Deep Active Learning with Budget Annotation
This work addresses the challenge of expensive data labeling for machine learning practitioners, but it appears incremental as it builds on existing active learning methods by adding informativeness and leveraging pre-trained models.
The paper tackles the problem of high annotation costs for unlabeled data by proposing a hybrid active learning approach that combines uncertainty and informativeness measures, using pre-trained models to reduce labeling effort. Experiments on multiple datasets demonstrate the approach's efficacy, though no concrete numbers are provided.

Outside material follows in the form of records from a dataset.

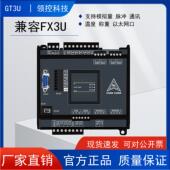 顺丰 包邮 领控PLC兼容三GT3U菱控制器脉冲模拟量温度CAN乙太网通讯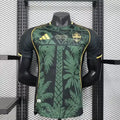Al-Hilal SC Special Edition Player Version Green 2025/2026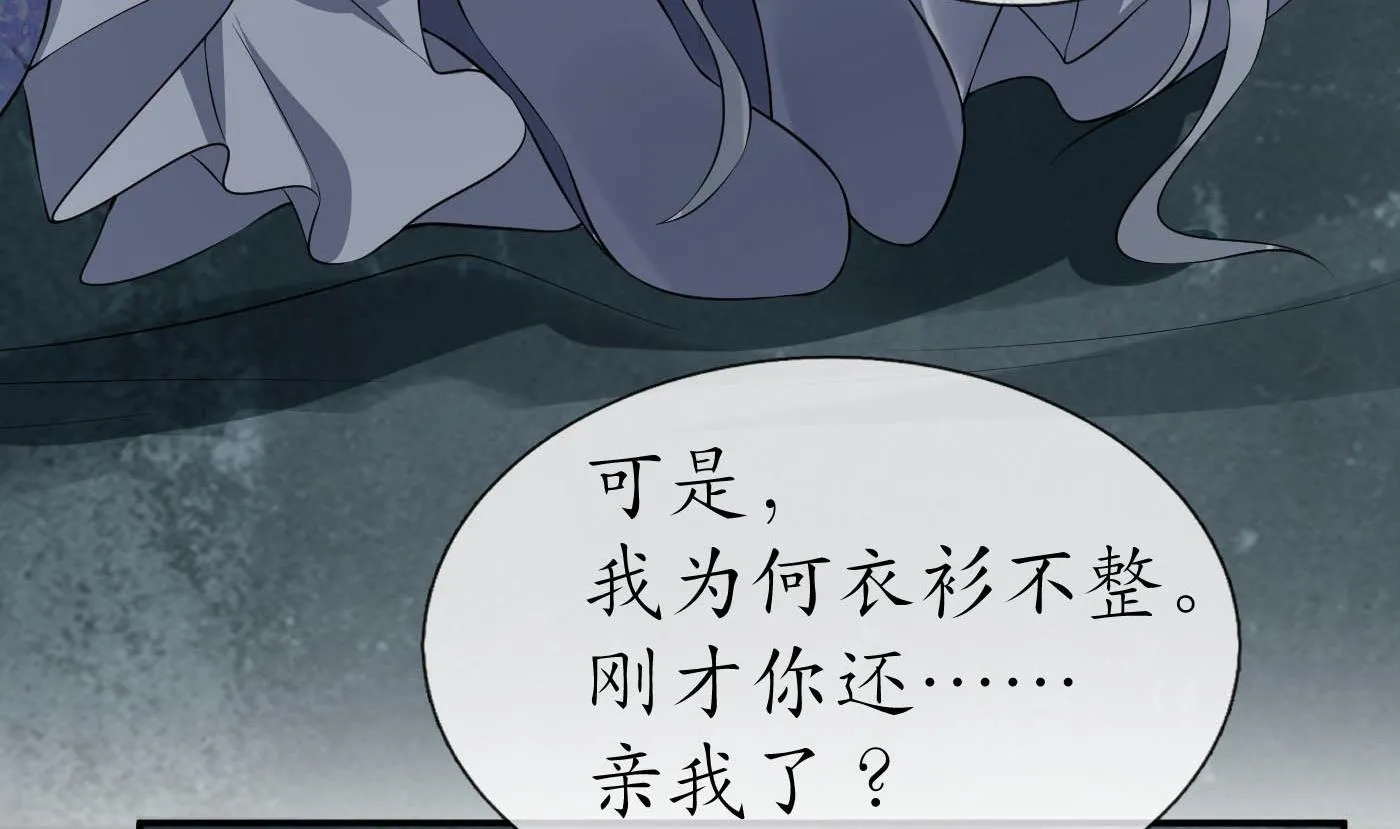 第88话 亲一下？ 第41页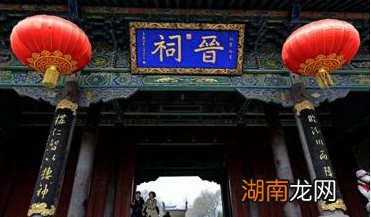 古代朝代的创建者取得天下都要确立国号 唐朝的唐到底有什么样的深意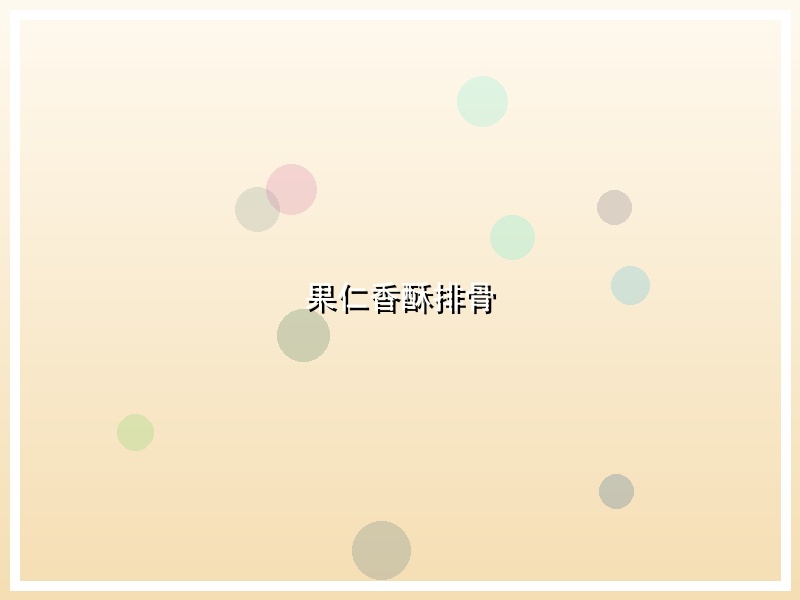 果仁香酥排骨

Digital data collected over the decades and data currently being produced with use of information technology is vastly the unlabeled data or data without description. The unlabeled data is relatively easy to acquire but expensive to label even with use of domain experts. Most of the recent works focus on use of active learning with uncertainty metrics measure to address this problem. Although most uncertainty selection strategies are very effective, they fail to take informativeness of the unlabeled instances into account and are prone to querying outliers. In order to address these challenges we propose an hybrid approach of computing both the uncertainty and informativeness of an instance, then automaticaly label the computed instances using budget annotator. To reduce the annotation cost, we employ the state-of-the-art pre-trained models in order to avoid querying information already contained in those models. Our extensive experiments on different sets of datasets demonstrate the efficacy of the proposed approach.